The data that follows is to be copied exactly, with each image removed.

Image-text web data –
'''
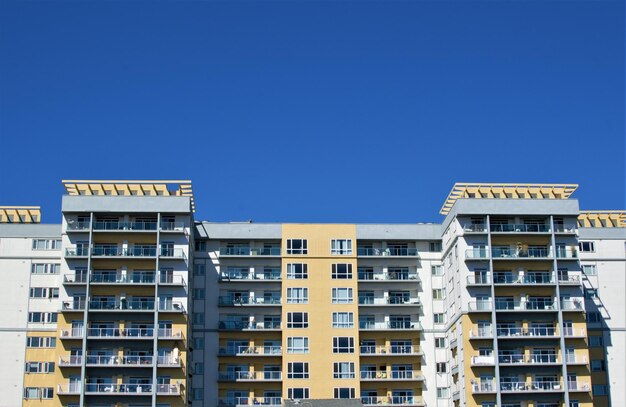 Niedrigwinkelansicht von Gebäuden vor klarem blauen Himmel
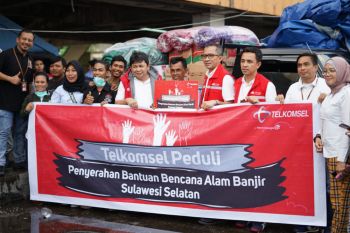 Banjir Sulsel Telkomsel salurkan bantuan logistik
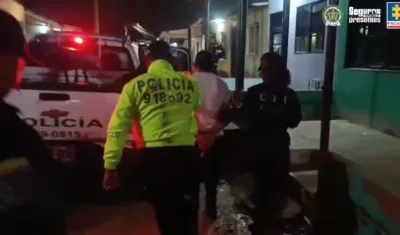 Las capturas se realizaron mediante diligencia de allanamiento. 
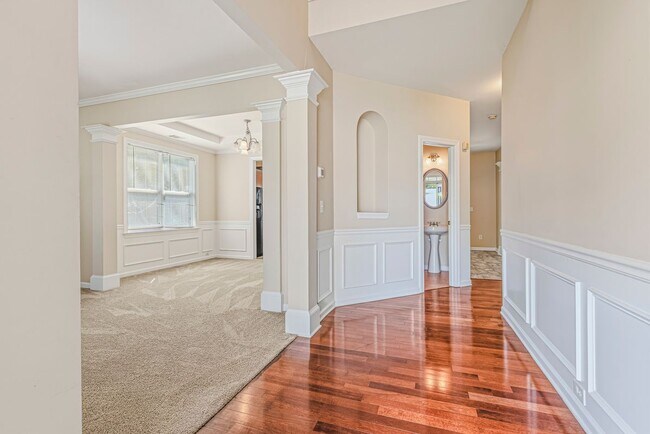Building Photo - 1807 Preserve Creek Way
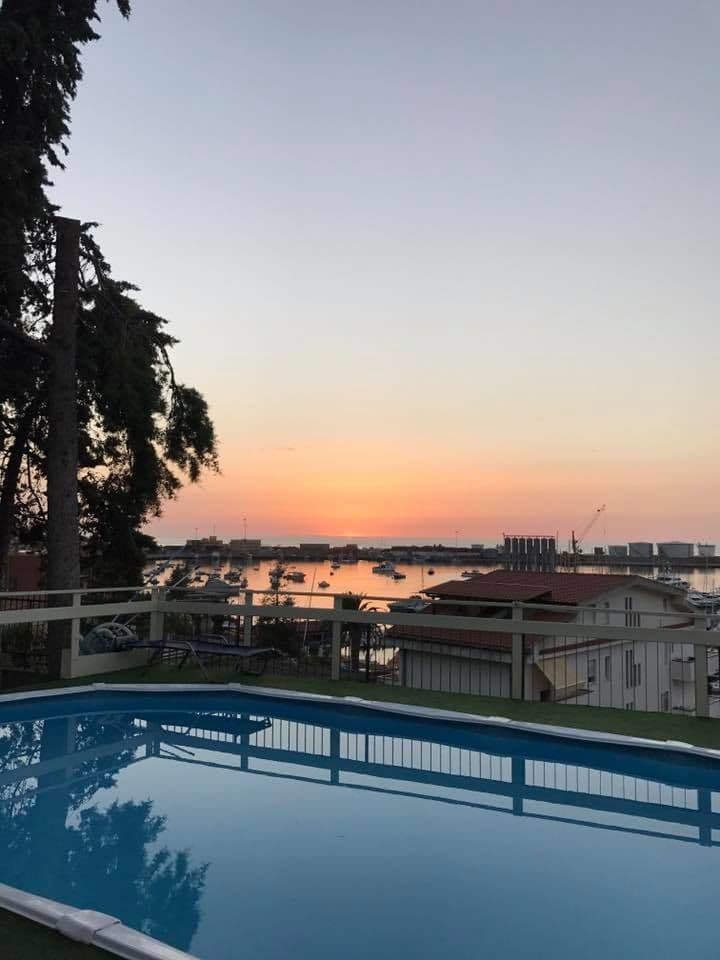 B&B Villa Delle Rondini Vibo Valentia Marina Kültér fotó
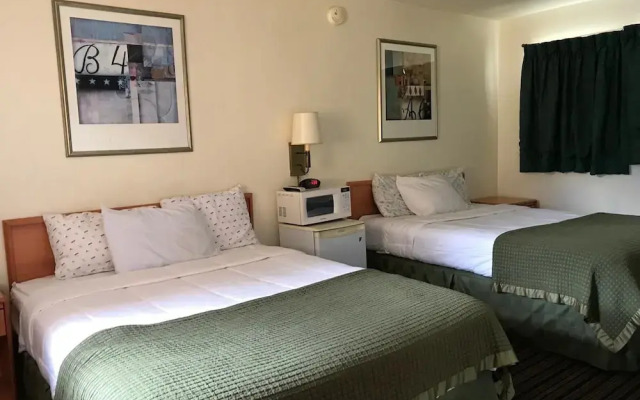 Blue Mountain Hotel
'''
Expected answer –
 Niedrigwinkelansicht von Gebäuden vor klarem blauen Himmel
 Banjir Sulsel Telkomsel salurkan bantuan logistik
 Las capturas se realizaron mediante diligencia de allanamiento. 
Building Photo - 1807 Preserve Creek Way
 B&B Villa Delle Rondini Vibo Valentia Marina Kültér fotó
 Blue Mountain Hotel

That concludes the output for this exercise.